Tandis que le brouillard dans son esprit se dissipait, une voix lointaine lui apparaissait à présent plus claire, plus nette, plus proche que jamais. Dans un effort surhumain, la jeune femme rampa faiblement sur le sol lisse jusqu'à poser son front contre les froids barreaux pour se réveiller davantage en tendant une oreille engourdie pour mieux entendre cette voix.
— ... pour la cent dix huitième vente aux enchères d'esclaves bipèdes !
Des sifflements de joie se faisaient entendre, provocant un infâme boucan pour l'ouïe sensible de Lydia qui ne fut pas davantage épargnée par les applaudissements frénétiques qui résonnaient à présent. La prisonnière continuait d'écouter sans comprendre et encore moins éprouver la plus infime des émotions. Un trou noir, situé quelque part sous son crâne, se chargeait d'aspirer impitoyablement toutes les pensées cohérentes qui tentaient tant bien que mal de se former.
— Ce soir, reprit le présentateur, nous allons vous présenter de la marchandise à COUPER le souffle ! Et voici la première ! J'ai nommé Tanyaaaaaaa la fleur sauvage !
Les cris d'une femme résonnèrent soudain dans les oreilles de Lydia qui continuait bêtement de fixer le sol d'un air absent. Elle jouait avec une mèche de cheveux roux, en remarquant pour la première fois les chaînes qui l'attachaient bras et jambes.
Elle entendait des murmures admiratifs fuser. Certains commentaient les attributs physiques de Tanya, d'autres scandaient de la faire approcher pour l'examiner de plus près...
— Les enchères commencent à vingt mille billets ! hurla la voix du présentateur. Qui dit mieux ?
Les oreilles fines de Lydia percevaient une succession de nombres, tous plus grands les uns que les autres. Il lui semblait que sa cage s'emplissait de brume, elle recommençait à somnoler, tirant sur ses chaînes pour faire passer le temps.
— Cent cinquante deux mille billets ! cria le présentateur. Une fois ! Deux fois ! Troiiiiiis fois ! Adjugée vendue ! Vous êtes chanceux monsieur ! Attention... Voilà... il faut bien la tenir... oui comme ça.
D'autres noms se succédèrent, ceux de femmes et d'hommes. Lydia jurerait même avoir entendu des enfants crier après l'appel d'un nom, le leur sûrement. Elle essayait de se lever pour la énième fois, toujours en vain. Tous ses membres étaient faibles, elle n'arrivait à rien.
Un bruit de porte grinçante se faisait entendre. Quelqu'un entrait dans la pièce où elle était. Un homme. Du moins, d'après la silhouette floue que voyait Lydia. Un trousseau de clefs s'agitait, une serrure s'ouvrit. Une main la tirait par ses chaînes pour la mettre debout sur ses jambes de coton, et une autre, l'empêchait de s'écrouler. Le nouvel arrivant jetait sans cesse des regards avides sur elle.
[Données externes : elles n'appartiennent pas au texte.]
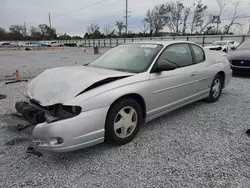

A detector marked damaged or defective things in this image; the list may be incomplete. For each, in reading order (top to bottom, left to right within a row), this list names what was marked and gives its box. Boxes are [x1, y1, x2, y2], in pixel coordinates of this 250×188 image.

crumpled hood [26, 66, 134, 106]
damaged front end [15, 100, 82, 125]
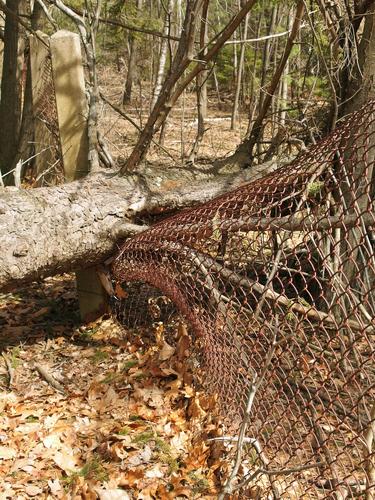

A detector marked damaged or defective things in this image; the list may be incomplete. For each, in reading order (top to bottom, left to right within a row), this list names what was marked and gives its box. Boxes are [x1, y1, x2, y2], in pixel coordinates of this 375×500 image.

rusty chain link mesh [32, 44, 64, 186]
bent fence section [111, 101, 375, 496]
rusty chain link mesh [112, 101, 375, 496]
rusty wire [112, 101, 375, 496]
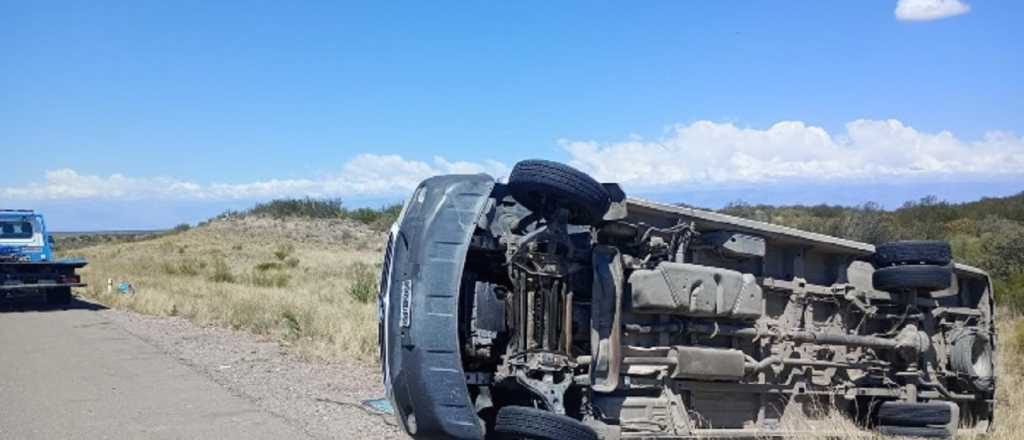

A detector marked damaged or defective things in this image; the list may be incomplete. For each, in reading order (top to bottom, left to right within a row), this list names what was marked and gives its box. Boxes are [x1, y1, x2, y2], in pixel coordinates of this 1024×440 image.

overturned vehicle [380, 160, 996, 438]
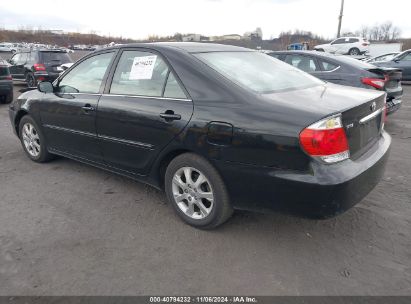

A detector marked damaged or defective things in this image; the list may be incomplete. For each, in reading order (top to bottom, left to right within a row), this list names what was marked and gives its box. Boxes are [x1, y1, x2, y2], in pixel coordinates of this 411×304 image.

damaged vehicle nearby [8, 42, 392, 228]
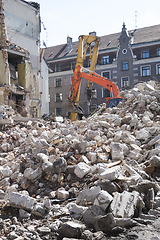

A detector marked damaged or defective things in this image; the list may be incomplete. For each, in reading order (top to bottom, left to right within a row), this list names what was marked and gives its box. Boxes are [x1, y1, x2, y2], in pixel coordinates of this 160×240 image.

damaged building [0, 0, 44, 118]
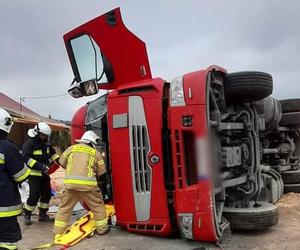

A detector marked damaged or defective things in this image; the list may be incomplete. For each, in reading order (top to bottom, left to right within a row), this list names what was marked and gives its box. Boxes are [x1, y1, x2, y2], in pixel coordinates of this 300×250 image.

overturned red truck [62, 7, 290, 242]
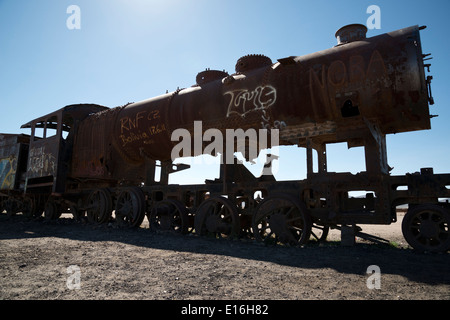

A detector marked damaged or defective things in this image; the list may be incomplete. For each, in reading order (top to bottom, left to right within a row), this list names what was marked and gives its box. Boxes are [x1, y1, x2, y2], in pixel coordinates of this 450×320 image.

rusty rail car [0, 25, 448, 252]
rusted steam locomotive [0, 24, 450, 252]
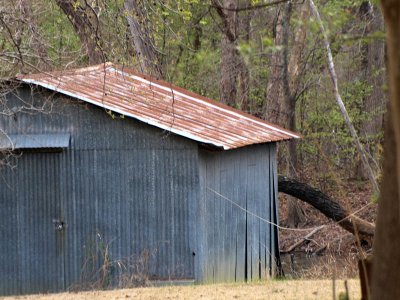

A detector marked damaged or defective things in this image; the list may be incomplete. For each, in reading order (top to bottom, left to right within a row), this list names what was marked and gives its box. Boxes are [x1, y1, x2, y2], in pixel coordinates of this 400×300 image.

rusty tin roof [18, 62, 300, 150]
— Toi alors... une vraie beauté, siffla-t-il. Ils vont être gâtés les clients de ce soir...
Il s'immobilisa soudainement, semblant attendre un signal.
— Et maintenant messieurs dames, reprit la voix du présentateur, le clou de cette vente ! Je vous présente la tigresse amnésique !
L'homme qui la tenait poussa brusquement Lydia derrière une porte où elle tomba aussitôt, entraînant ses chaînes avec elle. Elle se trouvait sur une scène, où un homme tenant un micro se dressait fièrement face à une foule en délire. Lorsque Lydia s'écroula, des exclamations retentirent dans la salle. Le public tapait fort dans ses mains et commentait son apparence. Les projecteurs braqués sur elle, toute cette lumière étourdissante, ces bourdonnements incessants, cet océan de couleurs... La tête de la prisonnière allait exploser.
— Eh bien qu'avons nous là ? dit le présentateur en s'avançant vers elle.
Il tira sur les chaînes qui retenaient ses poignets et Lydia redressa aussitôt le buste, les bras suspendus en l'air, toujours incapable de comprendre la situation. Elle entendait cependant des sifflements de mécontentement dans l'assemblée. Un homme criait :
— Elle est maigre !
Aussitôt, toute la salle se mit à huer. Le présentateur, embêté, tira sur les cheveux de Lydia, l'obligeant à montrer son visage à ces gens.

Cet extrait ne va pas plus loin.